Oh, and there can be RenderCommandInterpreters with no associated bits, in that case they don't do anything per-drawcall (rendercommand) but only at the beginning/end of scene drawing (RenderCommandInterpreters have a begin-endscene callback, as some of them need to handle double buffering of cpu-updated-gpu-resources) and viceversa, there can be RenderCommandInterpreters that have bits associated but do nothing, and in that case they provide only those bits as a sort key (i.e. you might want to use that technique to ensure your drawcalls get sorted in buckets, or get roughly sorted in z-order reserving a few bits in the command to store the object to camera distance)

Anonymous said...

Hello kenpex. I enjoyed your post. I realize that "My little rendering engine" is old code of yours, and only discussed here as a discussion example, but the idea of scenegraph-free rendering has become more important to me of late.

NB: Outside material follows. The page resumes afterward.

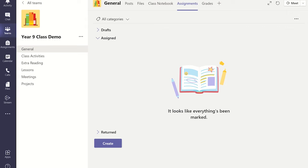From your class Teams General Channel Assignment tab, click Create and then Quiz.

From what I can see in your scheme, you keep the scene description very separate from rendering, and only allow the interpreters to actually communicate with the API. I was curious how you would handle a game object with a material that references a texture. Could you describe, theoretically, how you encapsulate texture states in the RenderCommands in your scheme.

Hopefully, that is not too ambiguous a question.

DEADC0DE said...

jai: it's actually very easy. each command is made of different parts, fixed (in their position) substrings of bits.
Those bits are used to communicate to a subsystem which configuration to use for that draw call.

An example:
Let's assume we have only two command interpreters in our system, one for textures, the other for meshes. Let's say our commands are 8-bit wide, and that the bits are arranged like this:

Command: xxxxyyyy

xxxx are bits handled by the TextureInterpreter.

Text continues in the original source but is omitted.